# Help with Stokes' Theorem

1. Apr 30, 2014

### BiGyElLoWhAt

OK, so I know stokes theorem states that I can turn $\int \int_{S}F\cdot dS$ into $\int \int (-P\frac{\partial g(x,y)}{\partial x} -Q\frac{\partial g(x,y)}{\partial y} + R)dxdy$

but I have a problem that I'm working on that's screaming change of variables (to spherical), but I'm not sure if I can apply stokes' this way...

my region is $x^2 +y^2 + z^2 = 64$, and I really want to make my region a spherical region (if possible, as I need to understand this for my final) but I'm not sure how to define g.

What's throwing me off is which partials to take. My F is $<x,-y,z>$ and upon making the proper substitutions, $- \rho <cos(\theta )sin(\phi ), -sin(\theta )sin(\phi ), cos(\ phi)>$
and I suppose g would be $\rho <cos(\theta )sin(\phi ), sin(\theta )sin(\phi ), cos(\ phi)>$ , since that's my region? It's the region in the first quadrant oriented inwards, that's where the negative sign came from, I guess it should probably be in g, but either way it's going make it into the integral.

But now, how do I define my g and my partials?

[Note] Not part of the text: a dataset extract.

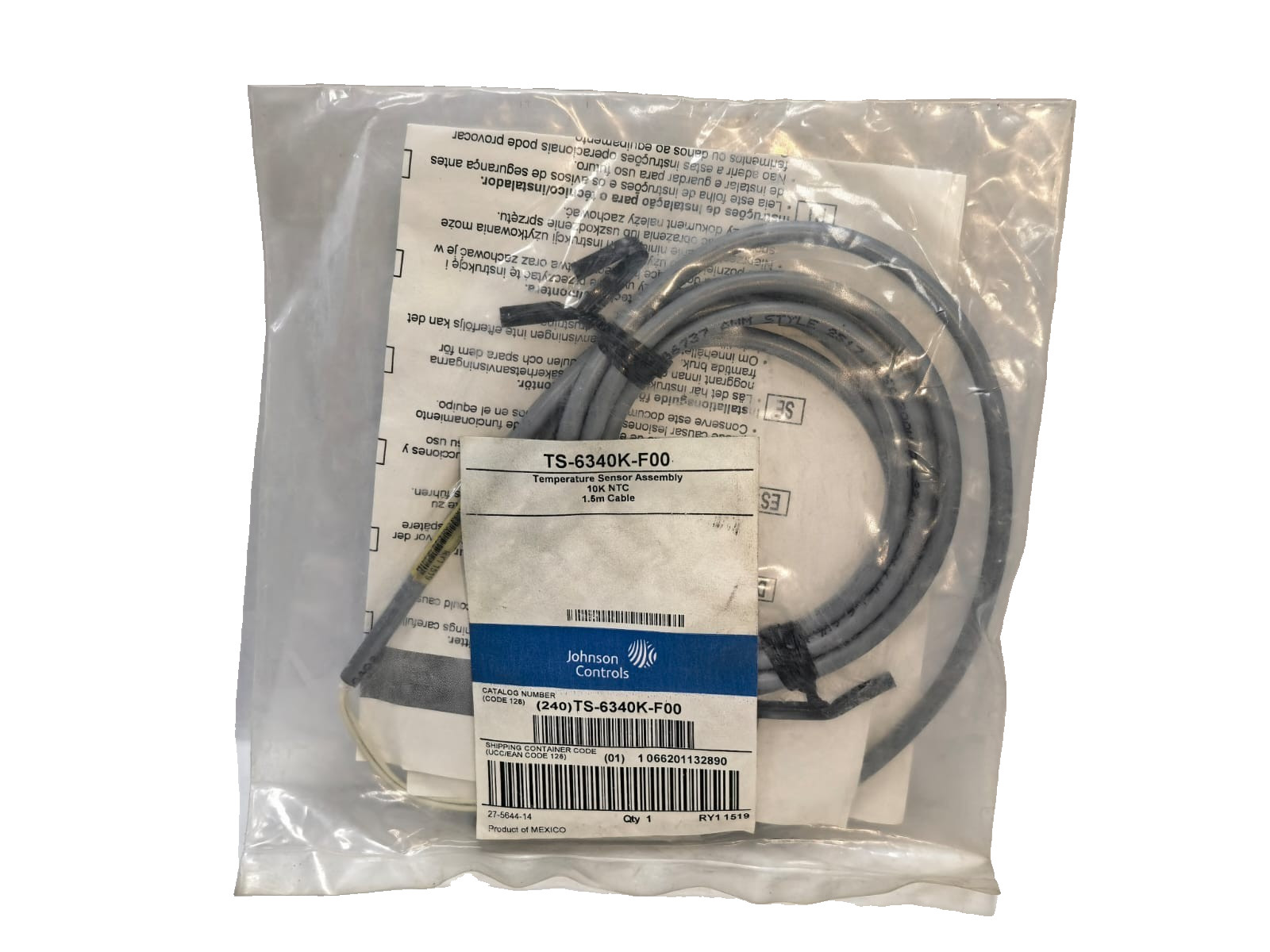 Johnson Controls TS-6340K-F00 JOHNSON CONTROLS TS-6340K-F00 TEMPERATURE SENSOR CABLE(1.5M CABLE) 1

I understand P is my $\hat{i}$ and Q j and R z, but I'm uncertain as to which partials I'm multiplying by which functions.

I'm not sure if I can even do this, I'm just trying to understand this better. any help would be greatly appreciated =]

2. Apr 30, 2014

### BiGyElLoWhAt

Ok, I didn't want to, but I watched the "how to" video, which basically works through the problem, and they ended up solving "g" for z, but I'm still wondering if there is a way to do this in spherical? Or do I need $F = P\hat{\theta} + Q \hat{\phi} + R \hat{\rho}$ in order to make this work like I'm wanting it to?